Kerberos is built around a central key distribution center (KDC) which keeps a database of clients and servers (called principals) and their private keys. Encryption in Kerberos is based on DES [26]. When the client wants to use some service it issues a request to the KDC for a ticket for that service. The server returns a message encrypted with the client's private key, containing three parts: a session key that can be used for encryption between the client and the server, a timestamp, and a ticket. The ticket is encrypted with the private key of the server and contains the name of the client, a timestamp, the clients network address, lifetime of the ticket, and the same session key that the client obtained. The ticket can be passed to the server for authentication.

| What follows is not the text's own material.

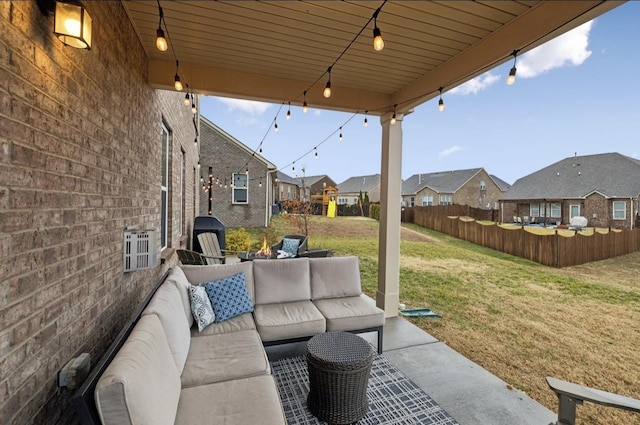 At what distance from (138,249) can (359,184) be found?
111ft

Kerberos [24] was originally developed by project Athena at MIT, but was not exportable from the US due to legal restrictions. The cryptographic functionality was removed and a ``Bones'' distribution was created and exported. The cryptographic interfaces were added back by Eric Young, and KTH (The Royal Institute of Technology in Stockholm, Sweden) maintained the code outside the USA. The Kerberos implementation in OpenBSD is ``kth-krb'', protocol version 4, and is used in a number of utilities.